When your child is secured in his car seat, the only thing restraining him is the seat's five-point harness. But did you know, that as your child grows the proper placement of the car seat shoulder straps changes?
A five-point harness is the webbing portion of the seat that adjusts over your child to hold him in place. A five-point harness has five distinctive points of contact; it secures your child at both shoulders and across each hip, buckling between the legs. Your five-point car seat harness system will also include a chest clip that must always be positioned at armpit level.
The harness system is designed to restrain your child and distribute crash forces evenly over a wide area of your child’s body. Here’s the breakdown: tight harness = less movement. By contrast, improper harnessing increases your child’s risk of injury. If the harness is too loose or improperly positioned, your child could move outside of the protection of the car seat, or even be ejected entirely.

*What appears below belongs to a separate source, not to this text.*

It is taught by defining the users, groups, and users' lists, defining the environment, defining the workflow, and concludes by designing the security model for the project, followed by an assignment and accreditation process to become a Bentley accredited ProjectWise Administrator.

Often parents are surprised to learn that the seat’s harness requires adjustments as their child grows. Or that some harnesses have multiple loops to either increase or shorten their length. So, what does all of this mean?

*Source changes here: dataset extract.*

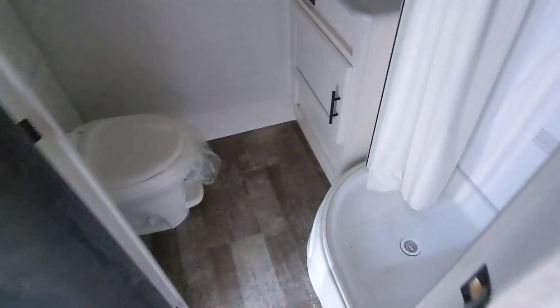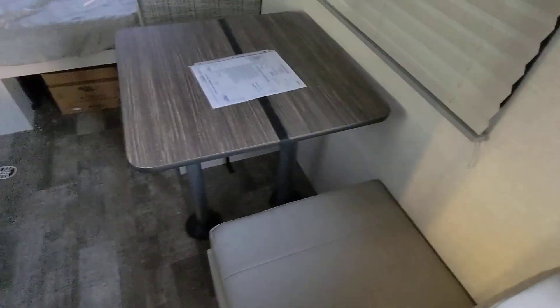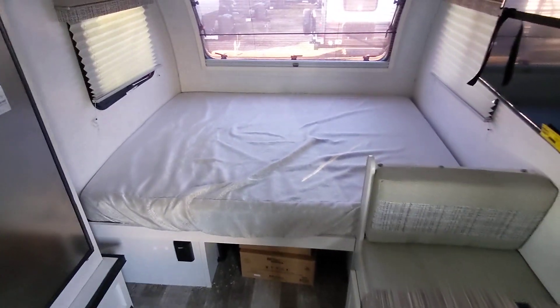Everybody tries to mimic what they do. There's a rear bathroom — it's got a nice shower, dedicated sink, storage here behind the toilet, two person dinette, and a full size bed.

When your child is REAR-facing, keep the harness positioned snugly AT or BELOW your child’s shoulders to prevent him from sliding up in the seat in a crash or sudden stop. Why? The majority of crashes are frontal crashes and in all crashes, everything, including your child, will move towards the point of impact (Newton 🍎). In the initial stage of the movement, your rear-facing car seat will dip down and allow your child to slide up within the car seat until he is stopped by the harness. Then, during the rebound stage of the crash - this occurs after the initial stage of the movement, the rebound is the stage where everything that moved towards the impact comes back and settles in place - your child will slide back down in the seat. That’s a lot of movement and potential for injury, so keeping him down and properly secured in his seat in the first place is vital.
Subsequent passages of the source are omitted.